__What you have to do__
Entries below include pictures. Output exactly the lines from the one with "Split Philodendron Monstera" down to the one with "Gambar meme bangun", both ends included, and leave the pictures out.

__Source data__
┄┄┄┄┄┄┄┄┄┄┄┄┄┄┄┄┄┄┄┄

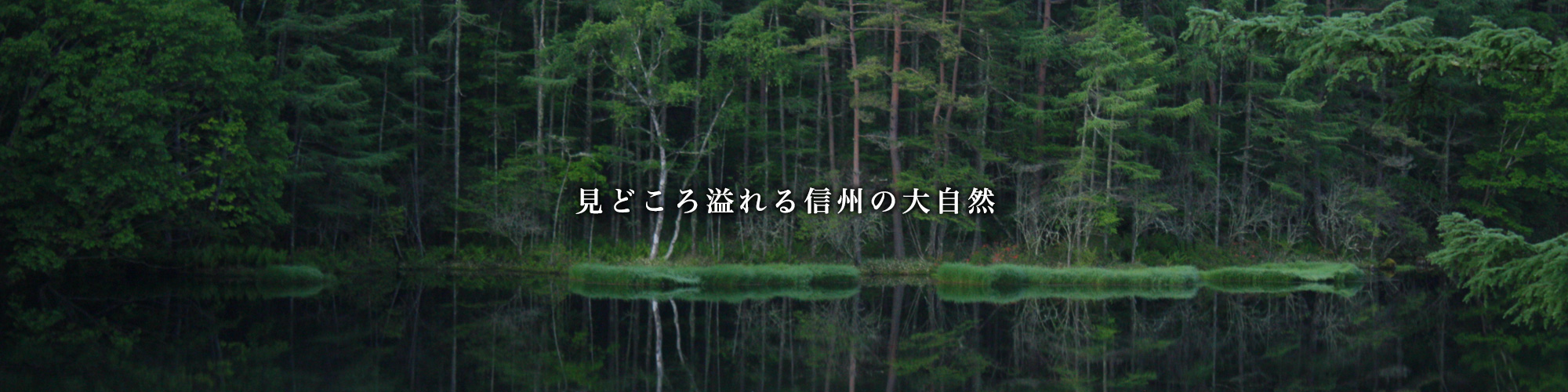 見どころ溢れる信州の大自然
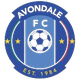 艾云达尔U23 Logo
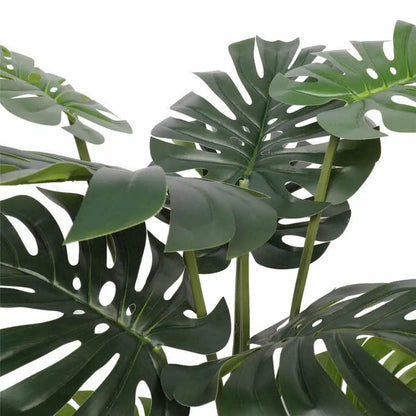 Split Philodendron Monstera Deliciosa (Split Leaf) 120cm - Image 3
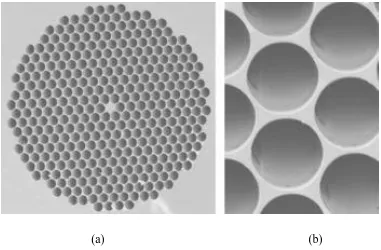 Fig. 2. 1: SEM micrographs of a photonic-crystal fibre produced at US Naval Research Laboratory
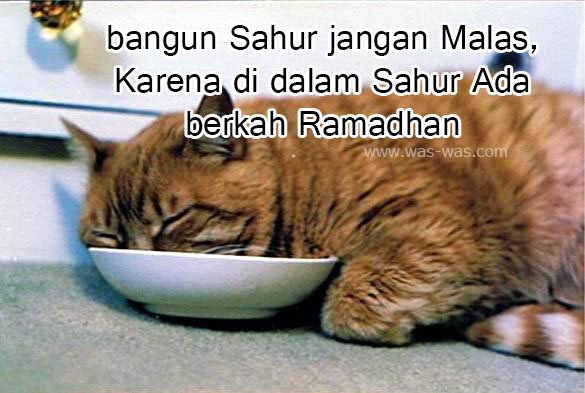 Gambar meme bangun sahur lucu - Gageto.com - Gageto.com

┄┄┄┄┄┄┄┄┄┄┄┄┄┄┄┄┄┄┄┄

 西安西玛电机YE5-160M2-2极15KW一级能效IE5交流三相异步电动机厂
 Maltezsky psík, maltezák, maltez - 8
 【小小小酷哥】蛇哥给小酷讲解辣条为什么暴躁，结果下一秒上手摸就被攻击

┄┄┄┄┄┄┄┄┄┄┄┄┄┄┄┄┄┄┄┄

__Solution to this task__
 Split Philodendron Monstera Deliciosa (Split Leaf) 120cm - Image 3
 Fig. 2. 1: SEM micrographs of a photonic-crystal fibre produced at US Naval Research Laboratory
 Gambar meme bangun sahur lucu - Gageto.com - Gageto.com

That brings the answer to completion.